Отметим, что Масленица - единственный дохристианский праздник, не связанный с христианским календарем и не получивший нового истолкования. И именно на Масленицу, целиком и полностью связанную с заупокойным культом предков, совершались такие ритуальные катания на донцах. Определенные аналогии этому обычаю катания на прялках в масленичную неделю, обеспечивающую плодородие начинающегося нового земледельческого года, есть в верованиях жителей Гиндукуша (Афганистан) - нуристанцев, потомков одной из первых волн индоевропейцев, дошедших в глубокой древности (III -II тыс. до н.э.) до гор Афганистана и сохранивших в своих неприступных горных долинах обряды, ритуалы, верования далеких восточноевропейских предков. Так у жителей Гиндукуша существовали представления о женщинах-руи (оборотнях), которые летали по ночам над горами и долинами, увеличивая их плодородие, а конем им служили сундук или прялка [Йеттмар К. Религии Гиндукуша. - М.: Наука, 1981. С. 116].
О связи прялки и миром умерших свидетельствует очень интересный обычай, бытовавший в Горном Таджикистане, т.е. также у потомков древних индоевропейцев - восточных иранцев. Так если человек уходил из дома и пропадал без вести, то совершали обряд «саргардон». «Ночью, в последнюю среду месяца Сафар, когда устраивали прыганье через костры, три-четыре женщины запирались в доме, стараясь сделать это так, чтобы об этом никто не узнал. Делали куклу-мужчину - «мортияк». Эту куклу делали очень тщательно. Куклу клали в мешочек и вешали на колышек, вбитый в стену. Затем сажали перед прялкой девочку, не достигшую половой зрелости, и она должна была крутить прялку в обратную сторону до утренней зари, повторяя все время: «Пусть забеспокоится и скорей придет...» Считалось, что после этого пропавший человек должен был через некоторое время вернуться». Если обряд совершал мулла, то он писал заклинание и вешал его на дереве, а затем, «крутя прялку в обратную сторону, читал молитву» [Литвинский Б. А. Семантика верований и обрядов памирцев // Средняя Азия и ее соседи в древности и средневековье. - М.: Наука. 1981. С. 116] (курсив мой. - С. Ж.). Если через неделю человек не приходил, то его считали мертвым.
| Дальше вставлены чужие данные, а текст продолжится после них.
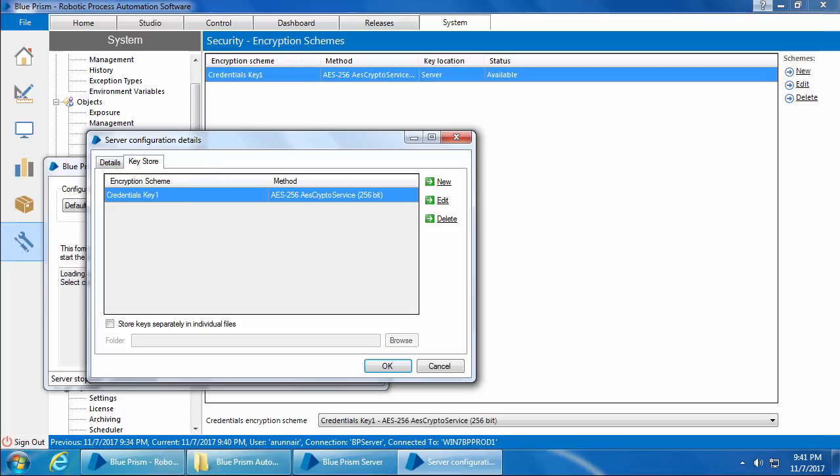If the key is stored in the application server, ensure that the encryption scheme name on the Blue Prism client matches the name on the application server's key store. I hope you now have a clear understanding of how the encryption scheme and Credential Manager work. Thank you for watching and we will see you in the next video.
В Вологодской губернии был достаточно широко распространен обычай, когда на Святки парни отнимали у девушек прялки и уносили их на могилы, на кладбище. А. В. Кулевым в с. Воскресенском, Череповецкого р-на Вологодской обл., в конце 80-х годов был записан следующий рассказ о том, как совершался этот обряд еще в начале нашего века: «Ой, было тоже, кудесили... Ребята возьмут, у девок прялки оберут... А вот у нас здесь кладбище было, вот на горе-то на этой. У ково-нибудь уж там могила выкопана ли, чево ли, - покойника надо хоронить. Придут, да в эту могилу-то прялки и складут. Надо девчонкам сойти, а боятцы идти-то» [Экспедиционный фонд ЦНТК (01-06.40) с. Воскресенское (Приношу благодарность А. В. Кулеву за возможность использовать его экспедиционные материалы)]. Интересно и то, что первый вечер зимних святок, связанных, как и Масленица, с миром умерших (со «святьем»), называется «копыльным вечером», т.е. прялочным. Таким образом, прялка символизировала собой начало святок, во время которых категорически запрещалось прясть, ткать и вообще что-либо свивать.
Очень интересный пример восприятия покойника во взаимосвязи с прялкой (причем именно прялка является символом святости данного покойника), имеется и в поморских этнографических материалах начала XX в. Так А. А. Каменев в 1910 году пересказал легенду, рассказанную ему пожилой женщиной-поморкой, «кормщиком»(кормчим) карбаса, везшего его на небольшой остров между г. Кемью и с. Шуей, т.н. «Полтовскую коргу», местное «святое место», где была воздвигнута часовня. Ее рассказ был связан с историей появления этой часовни и тем, почему это место стало считаться «святым». Женщина поведала, что в описываемое ею время была сильная буря. «Рев моря был слышен в Шуе, волны ходили по морю, как громадные горы. Все думал и, что наступил конец света. В Шуе в то время была одна больная девушка, которая больше года не сходила с постели. В ту ночь она вдруг встала и стала смотреть в окно по направлению к морю. На вопрос матери, чего она смотрит в окно, та попросила: «Свезите меня на Полтовскую коргу; я хочу повидаться со своей сестричкой. - С какой сестричкой? - стала допытываться мать. - Свезите - увидите сами», - твердила девушка». Больше от нее не смогли добиться ничего. На утро, когда погода утихла, родители повезли свою дочь на «свидание с сестричкой» на Полтовскую коргу, где действительно нашли выброшенную на один из выступов островка мертвую девушку такой невиданной красоты, что они долго не могли оторвать от нее глаз. Утопленница была в простом поморском сарафане, с заплетенными в одну косу волосами и, что всего более удивило крещенных - утопленница сидела на прялке. Родители больной девушки приняли это за знамение божие и, окадив утопленницу ладаном, погребли ее тут же на корге по старообрядческому обычаю... С тех пор это место стало почитаться святым и впоследствии здесь была выстроена часовня.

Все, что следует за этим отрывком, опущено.